Intérpretes e visão: uma relação curiosa

As práticas recomendadas não deixam dúvida: ao posicionar a cabine de tradução simultânea, o organizador deve sempre zelar para que o intérprete tenha uma visão desobstruída do palco. O leigo pode se perguntar por quê isso tem tanta importância, considerando que os principais sentidos usados pelo intérprete são a audição e a fala.

Explico então que os olhos dos intérpretes tem uma função primordial: acompanhar o que acontece na sala, a fisionomia dos palestrantes, as expressões da plateia, o entra-e-sai na sala, sem falar nos slides que estão na tela, que nem sempre são disponibilizados para os intérpretes com a devida antecedência.

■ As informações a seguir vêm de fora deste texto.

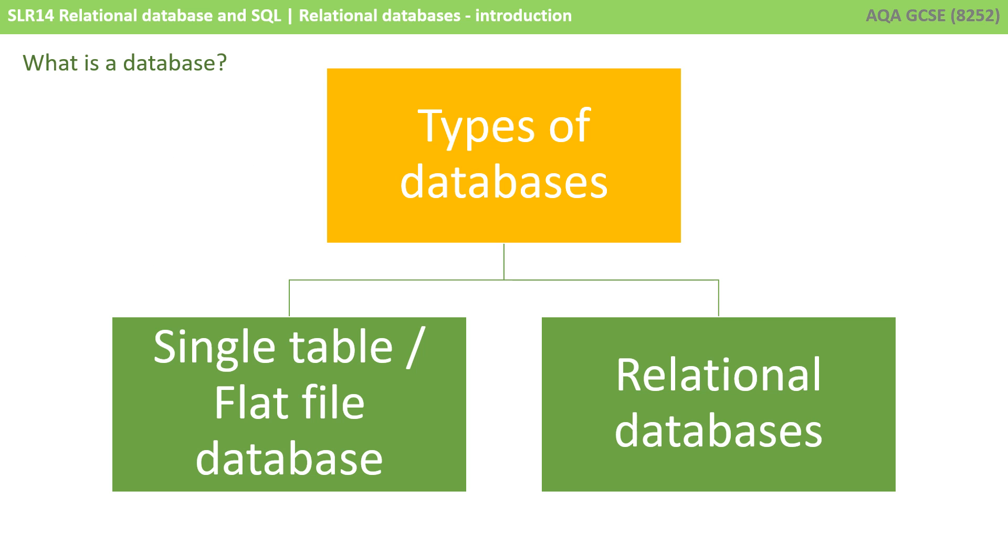There are two main types or categories of databases you need to be aware of, what are called single-table databases or flat-file databases, and relational databases.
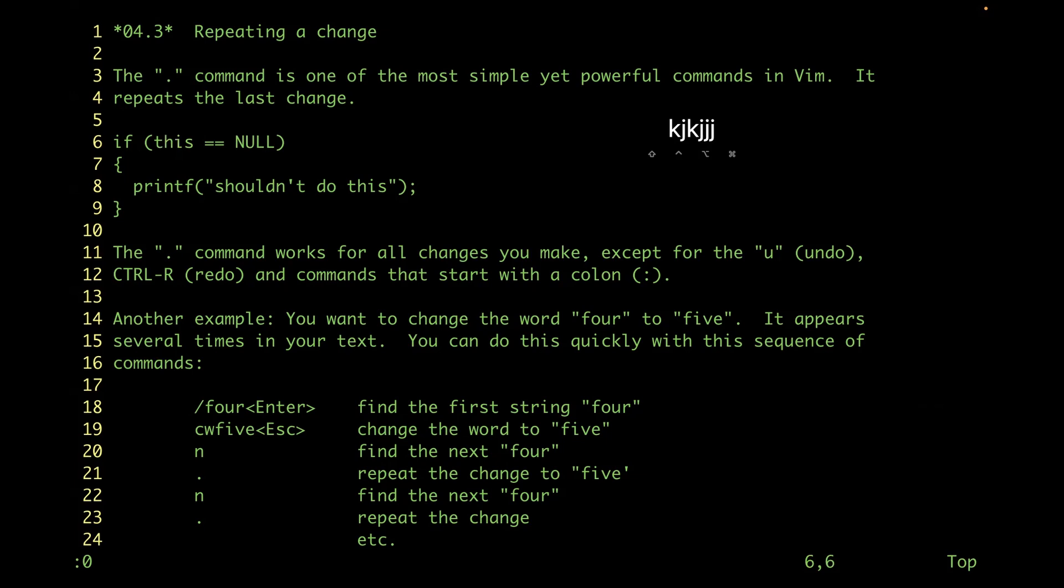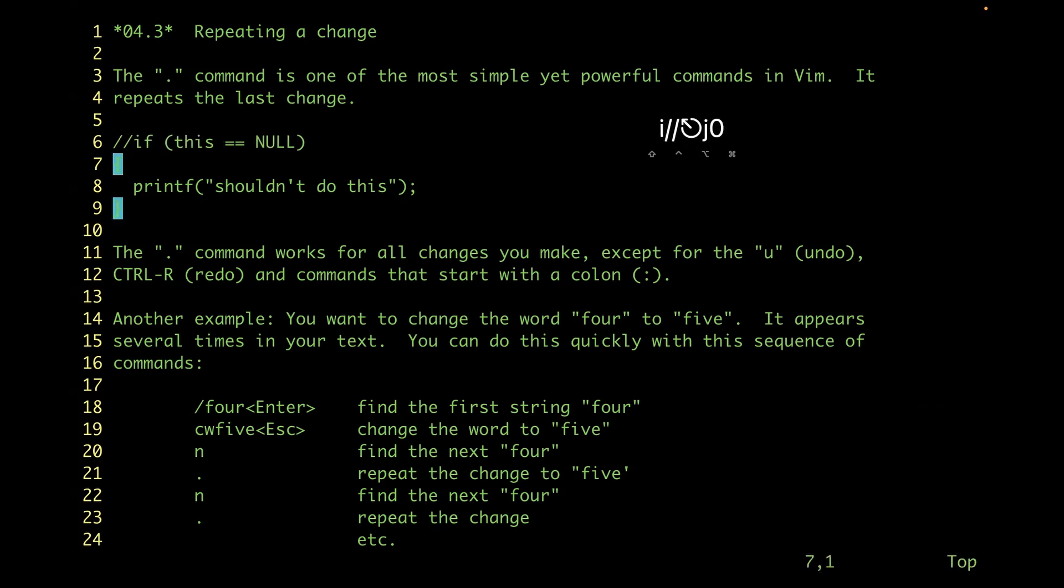For example, you take this section of code and you want to comment it out, so you add a slash slash. Then you go to the front of the line, you just hit period, period again, and period again. That just repeats the last change.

Sem uma linha de visão, ainda que  torta, não consigo desenvolver o que chamo de “conference room awareness”. Fico à deriva, boiando num caldo de palavras, sem saber muito bem para onde a corrente vai me levar. Falta-me o rapport com a plateia e  o elo visual com uma figura de palestrante.

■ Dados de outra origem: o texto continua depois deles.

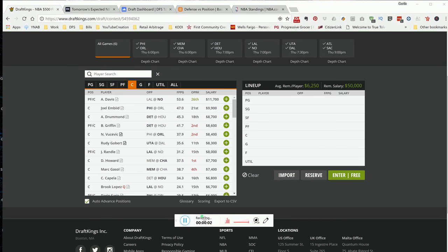What's going on YouTube? This is your DraftKings Attic, bringing my top picks for Thursday's main DraftKings slate.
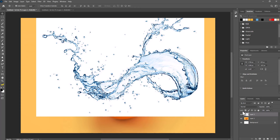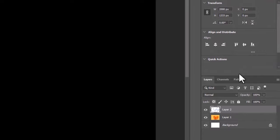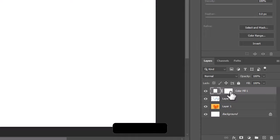Select all by pressing Ctrl-A, press Ctrl-C to copy, then create a white solid adjustment layer. Click on the solid color layer mask while holding the Alt key.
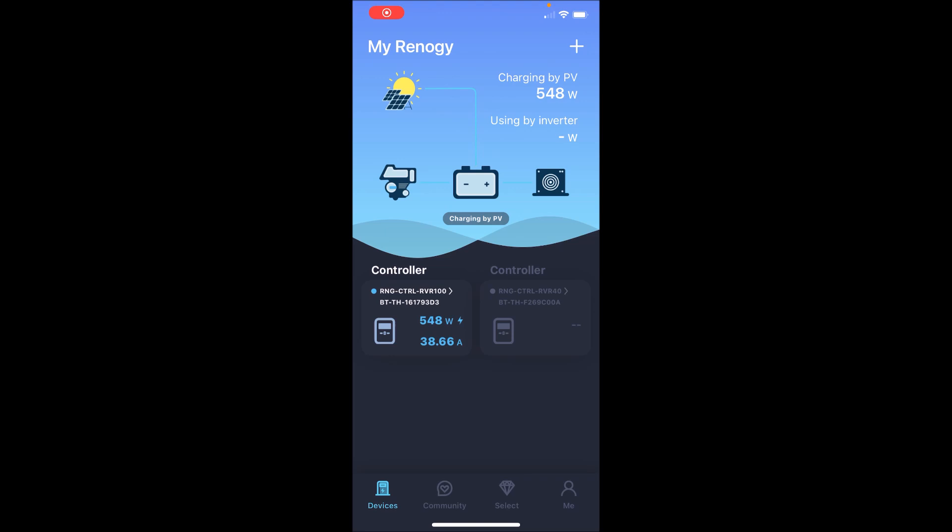Alright, now we're in the Renogy app and we can take a look at the historical values that we've been charging at for the last few weeks. You see right now we're making like 546 watts or so.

Trabalhar nessas condições não é impossível. Mas agradável também não é.

Interpretando às cegas: um exemplo extremo

Pra mim, a interpretação remota de teleconferências de resultados financeiros é o exemplo extremo, a situação em que a falta de visão dos palestrantes e de um contexto geral de sala mais atormenta o intérprete. São vários os desafios desse tipo de trabalho: da terminologia financeira às condições de áudio e a tsunami de números batendo, um após o outro, incansavelmente; porém nenhum obstáculo me parece pior do que a ausência de uma figura humana na minha frente.

Luz, sombra e seu efeito sobre a concentração do intérprete

Se a falta de referência visual atrapalha, devo dizer que o meu cérebro tem curiosa intolerância a ambientes fortemente iluminados. Intolerância é um modo suave de falar que me desconcentro e ele praticamente enguiça. Não sei a partir de quantos fótons o desempenho cai, mas fico ansiosa para voltar para a penumbra logo que a luz dos refletores começa a vazar para dentro da cabine de tradução simultânea.

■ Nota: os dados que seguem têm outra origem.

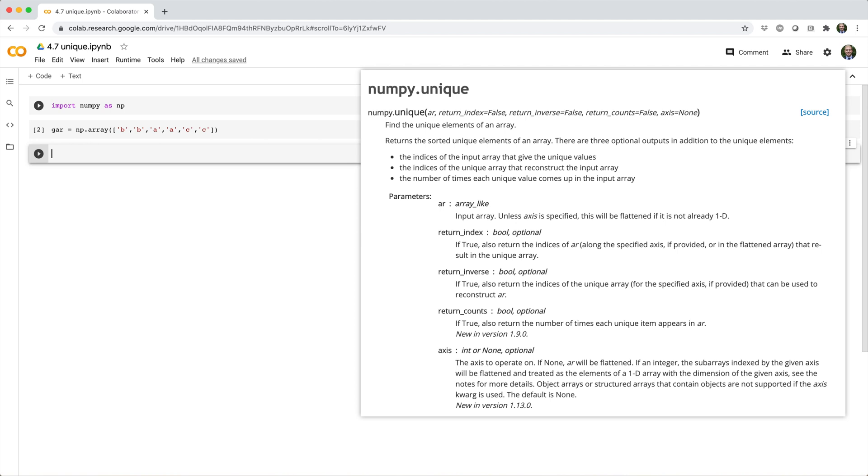In this video, we'll see how you can use the unique function to get the unique elements of an array. It's pretty simple to use.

Luz do dia e lâmpadas fluorescentes são as piores para minha concentração. Mais de uma vez, em salas de reuniões, corri para discretamente fechar as persianas e tornar o ambiente mais propício à concentração.

Ainda mais curiosa é a intolerância visual que surge lá pela sexta hora de trabalho em cabine ou 12o palestrante, o que vier primeiro. Mesmo na sala mais bem iluminada do mundo, com o cérebro exausto, tenho a sensação de que a informação visual da sala começa a me atrapalhar.  É a fase do information overload. Tudo e qualquer coisa, até o formato da cadeira prejudica o esforço de me manter focada na mensagem, a minha e a do palestrante.

Nessa hora, em vez de fechar os olhos, como muitos intérpretes fazem, desloco os olhos para a bancada da central de interpretação, e nisso encontro repouso para a mente e novo fôlego para continuar.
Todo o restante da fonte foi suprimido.